New Digital Security Program Doesn’t Protect as Promised

Sept. 29, 2009

AUSTIN, Texas — University of Texas at Austin scientists have shown that they can break "Vanish," a program that promised to self-destruct computer data, such as emails and photographs, and thereby protect a person's privacy.

There is no way to permanently delete any material posted or sent through the Internet, and this leaves people's information vulnerable to breaches in privacy.

Vanish, created by University of Washington researchers, claimed to solve that problem by encoding digital data so that they can only be read for a limited time window, such as eight hours. After that time, the data still exists, but it can no longer be read because the "encryption key" used to access it is no longer available. The data looks like digital gibberish.

The Texas scientists, along with colleagues from Princeton University and the University of Michigan, created a program called "Unvanish" that makes Vanished data recoverable after it should have disappeared.

"Our goal with Unvanish is to discourage people from relying on the privacy of a system that is not actually private," says Emmett Witchel, assistant professor of computer science. "We wish to respect the privacy concerns of people that might be using the Vanish system."
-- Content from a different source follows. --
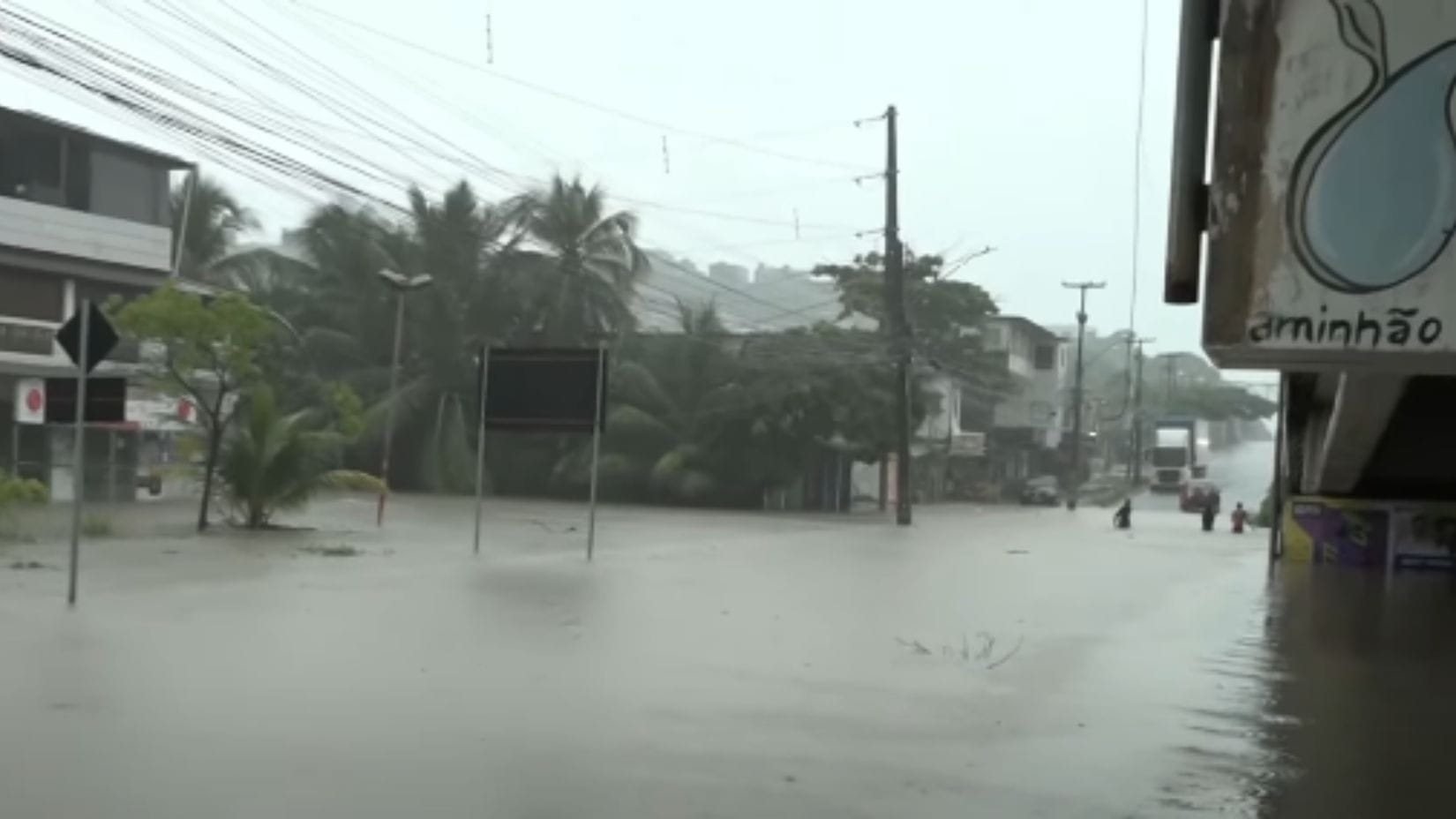 Chuvas em Recife superam o previsto para o mês inteiro em três horas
The Vanish system encrypts data and takes advantage of the structure of peer-to-peer file sharing systems to manage encryption keys in a novel way. The keys are split up into many small pieces and stored at many different places on the network.

Unvanish works by collecting and storing anything that looks like a fragment of a Vanish key on the network. Later, when given a message that should have disappeared, the program consults its archive of these fragments and finds the pieces it needs to decrypt the message. Using Unvanish, it is possible to make Vanish messages reappear long after they should have disappeared, nearly 100 percent of the time.

"Messages that self-destruct at a predetermined time would be very useful, especially where privacy is important," says Brent Waters, assistant professor of computer science. "A true self-destruction feature continues to be challenging to provide."

The lead programmer on the Texas research was computer science graduate student Owen Hofmann. Post-doctoral researcher Christopher Rossbach also contributed to the project.

University of Michigan graduate student Scott Wolchok and Assistant Professor J. Alex Halderman and Princeton University Professor Edward Felten and graduate student Nadia Heninger independently broke the Vanish system.